§ **Problem**: Without any images, write the data out exactly as it appears.

§ **Dataset excerpt**:
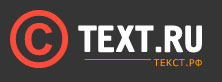 Text.ru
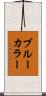 ブルー・カラー Scroll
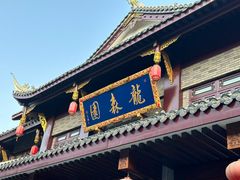 -龙森园火锅(琴台路店)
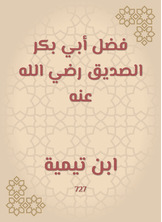 فضل أبي بكر الصديق رضي الله عنه فضل أبي بكر الصديق رضي الله عنه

§ **Response for this exercise**:
 Text.ru
 ブルー・カラー Scroll
 -龙森园火锅(琴台路店)
 فضل أبي بكر الصديق رضي الله عنه فضل أبي بكر الصديق رضي الله عنه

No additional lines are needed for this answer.